Is Tesla making progress in improving battery energy density?

[electracity]

A 30% improvement in energy density over the model 3 solves all the roadster and semi battery issues. The 30% improvement of the batteries in the model 3 over the original model S is somewhat less than expected improvement over 5 years. Jumping another 30% in three years would still leave very reasonable total growth for the decade.

 

[SDRick]

That would freeze sales while people waited for the new tech. Would you buy a new S or X next week if Tesla has talked about significant new battery tech?

Good point!

I hope I am wrong, but I don't see a significant increases in lithium battery density in the next few years. It reminds me somewhat of solar panel efficiency increases. It is one thing to achieve great things in the lab but then another to commercialize it. Even then, historically it's been more incremental than monumental within the same battery technology.

 

[electracity]

If it indeed true that the Semi and the 2020 Roadster have an improved chemistry, why wasn't it obvious in the Model 3?

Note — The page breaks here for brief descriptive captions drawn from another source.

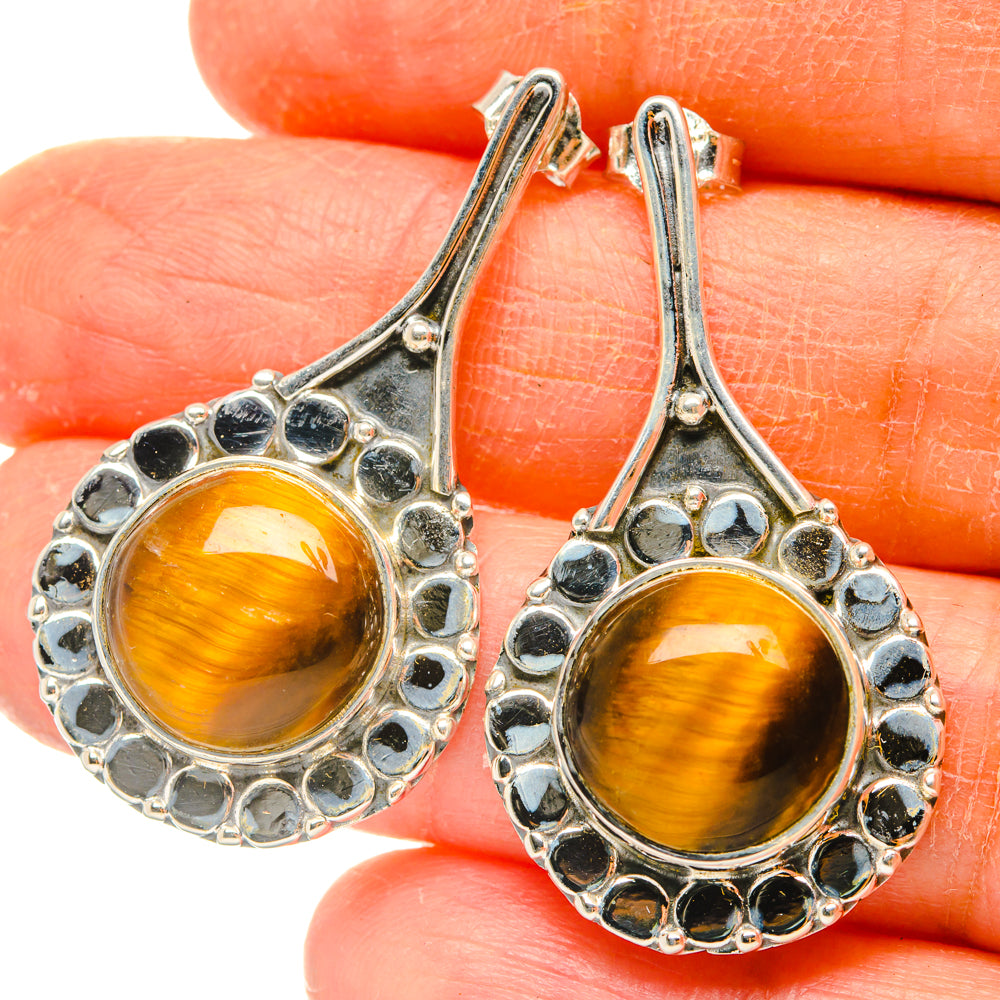 Tiger Eye Earrings handcrafted by Ana Silver Co - EARR428832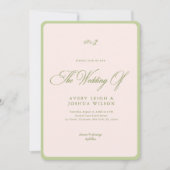 Faire-part de mariage rétro avec bordure à rayures (Devant)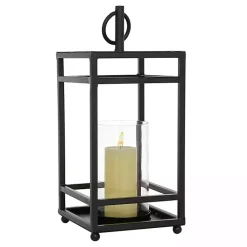 Clearance Kirklands Home Modern Vintage Iron Framed Lantern, 18 in. Black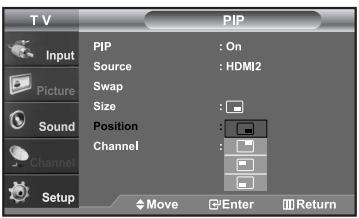 SAMSUNG LN-S2652D - Changing the Position of the PIP Window - 1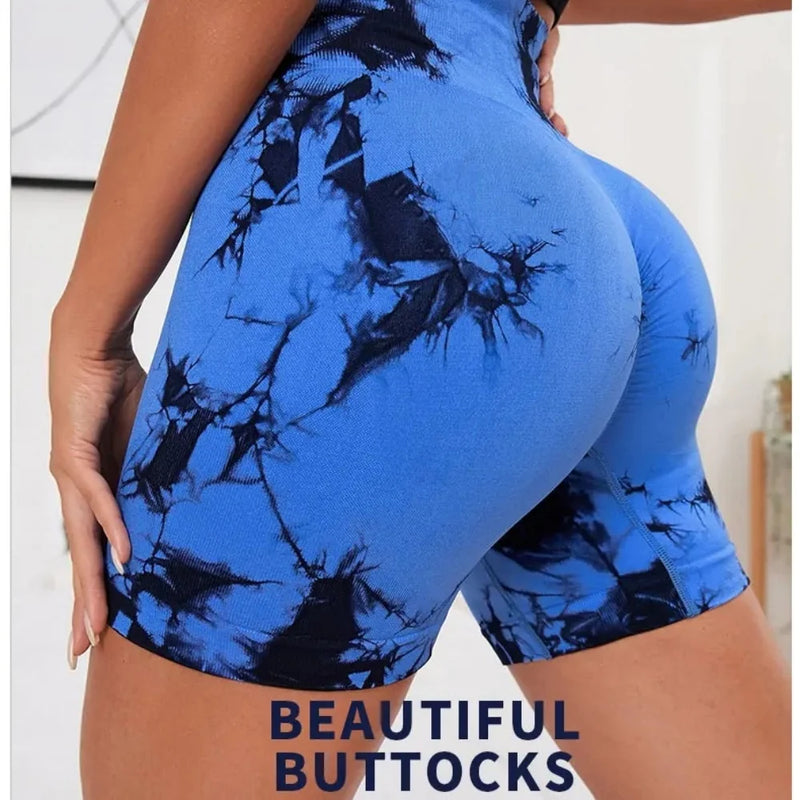 Seamless Tie Dye Style High Waist Quick Dried Fitness Triple Pants Honey Peach Hip Lift Yoga Sports Tight Shorts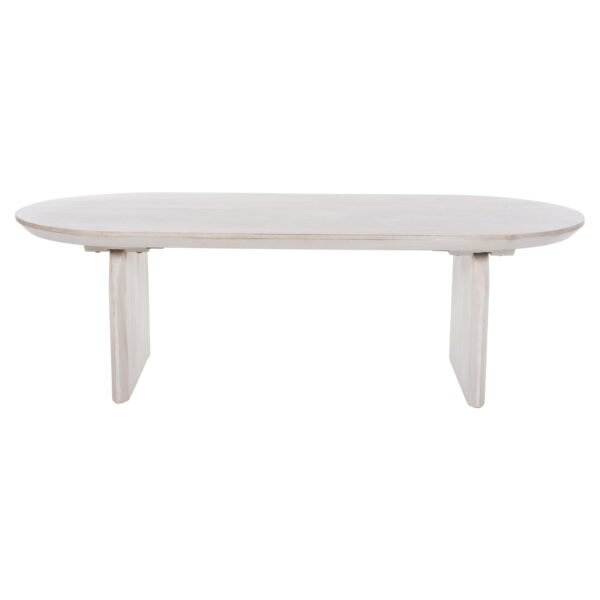 ΤΡΑΠΕΖΙ ΣΑΛΟΝΙΟΥ ΟΒΑΛ HONKY HM9710 ΜΑΣΙΦ ΞΥΛΟ MANGO- ΛΕΥΚΟ 130x60x40Υεκ. - Image 4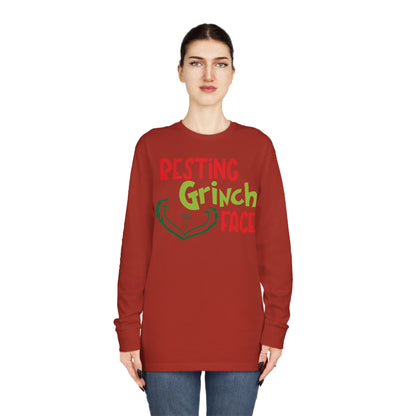 Resting Grinch Face Christmas Long Sleeve T-Shirt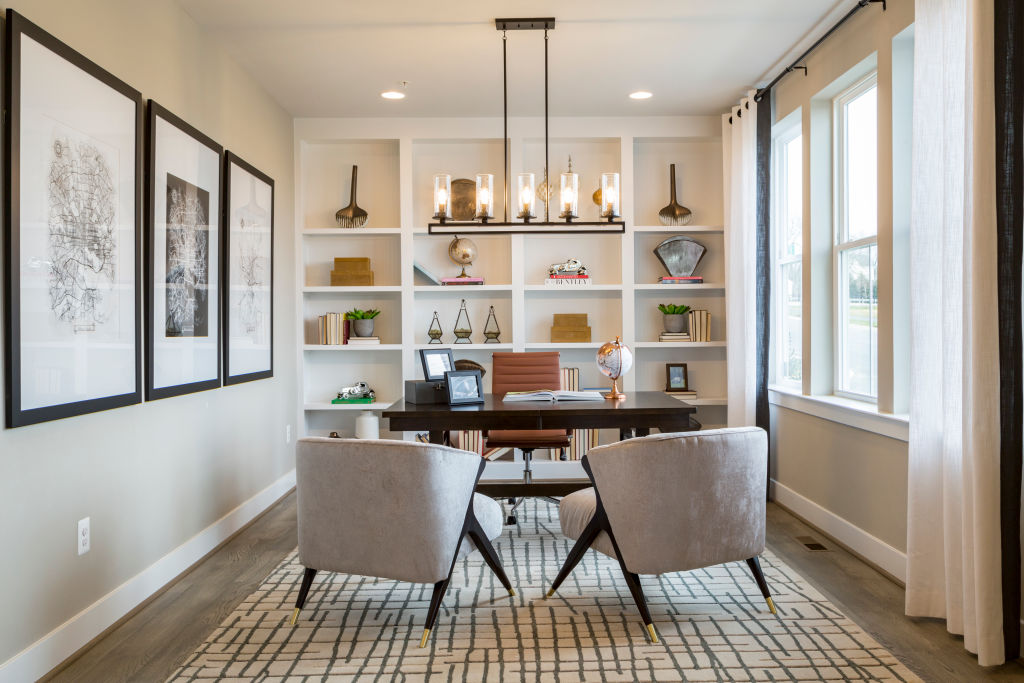A home office overlooks the front yard.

Perhaps because they needed a cell ready for mass production in 2017? Flip the question. Why would a cell ready for mass production in 2020 only be a 30% improvement over 2012? That would be an improvement rate well below what has been generally expected.

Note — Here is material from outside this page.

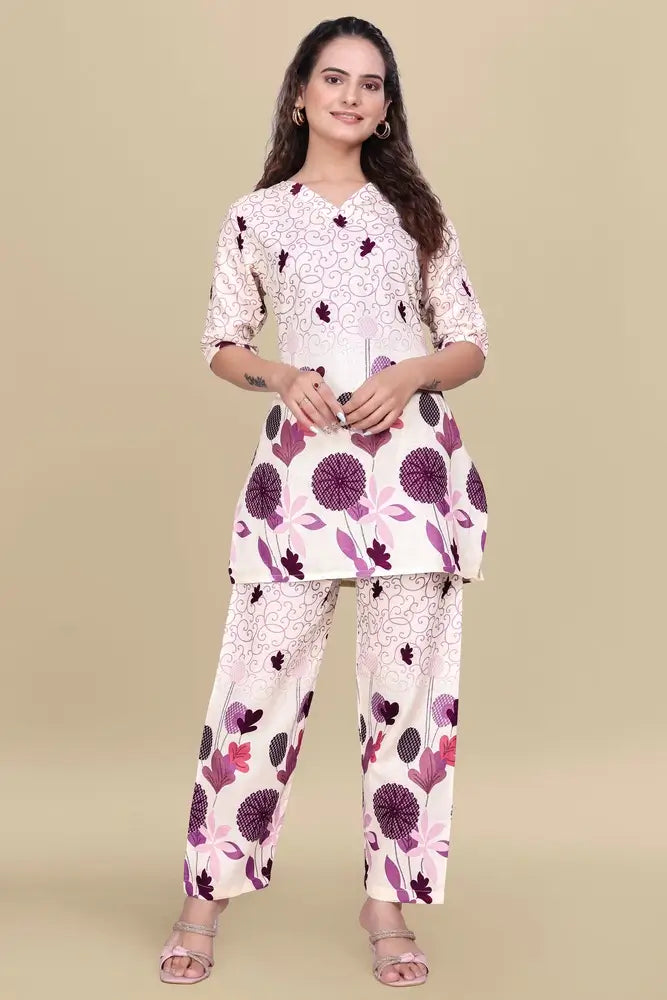 women’s cream floral printed ethnic co ord set | top and pant two piece co ord set for casual and festive wear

If there is a significantly new cell I would expect to see it in a new pack in the S/X first.

Even then, historically it's been more incremental than monumental within the same battery technology.

True, but plodding along at 6-7% per year gives a doubling in ten years. After twenty years at that pace battery will have half the power density of gasoline. Batteries don't have to be li-on either.

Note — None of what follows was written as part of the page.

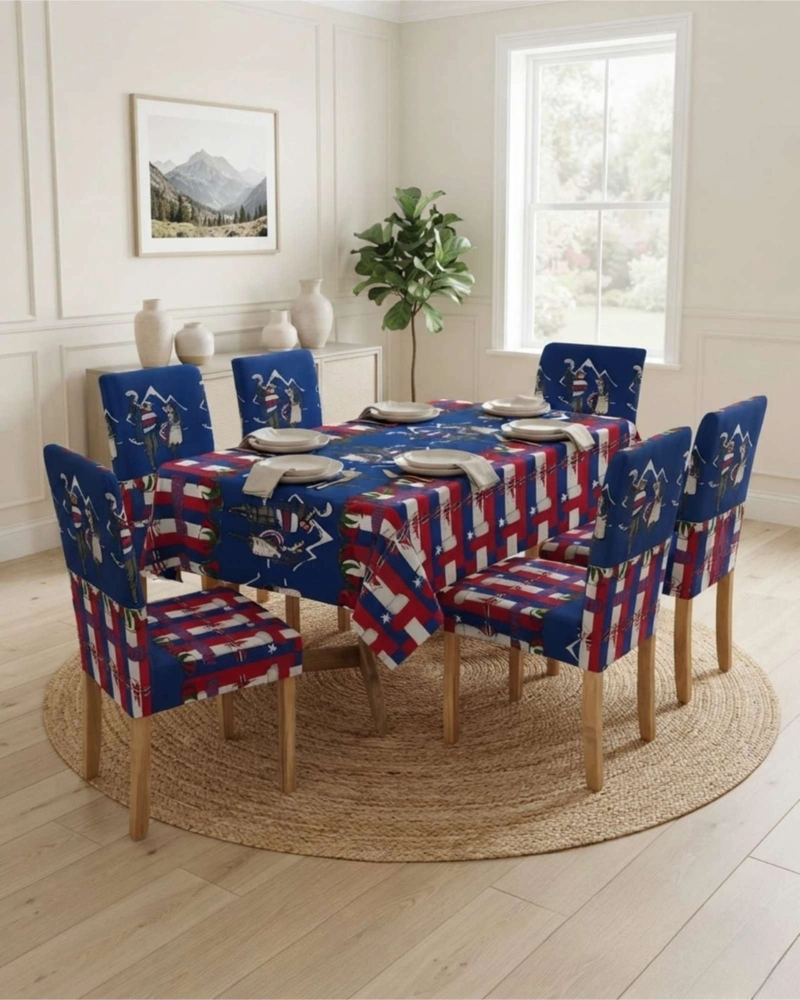 SET MANTEL Y 6 FUNDAS ELASTICADAS PARA SILLA FIESTAS PATRIAS - 3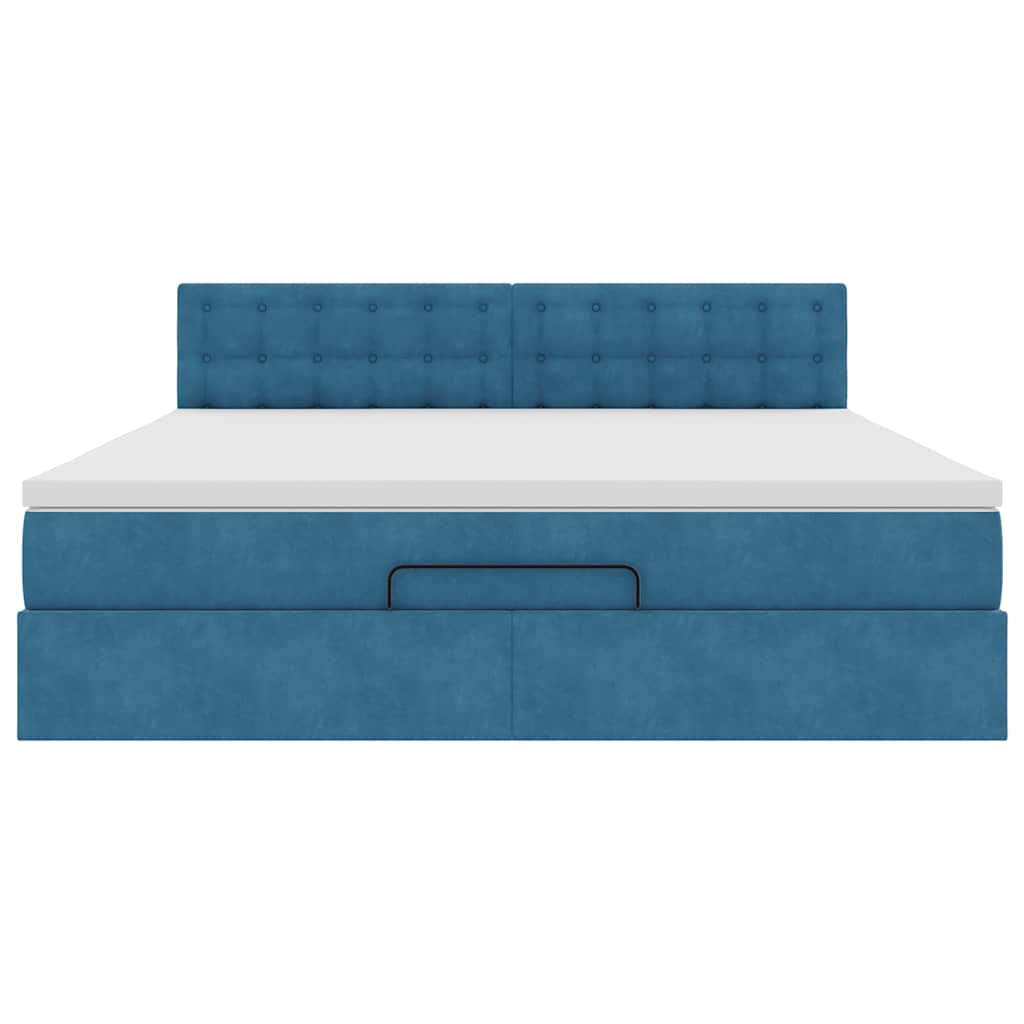 Ottoman Bed Met Matras 160X200Cm Fluweel 160 x 200 cm Donkerblauw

Guessing whether improvements will be density or price/performance is tough.

But I think we are far too early in the era of producing massive amounts of batteries to expect a flattening of the experience curve.

 

[Saghost]

Is there any truth that the roadster test drive demo cars utilized two 100Kw batteries sandwiched on top of each other? I would imagine if there was significant new battery density technology it would have been mentioned.

To use two complete S/X packs isn't possible given the geometry of the car and packs - for one thing, remember the 100 is a 16 module pack - with a double height section up front.

I wouldn't be at all surprised if Tesla used a double height design and existing modules to power the prototype, but they'd need a new pack structure if nothing else.

 

[Rashomon]

There's good bloody reason for our pessimism.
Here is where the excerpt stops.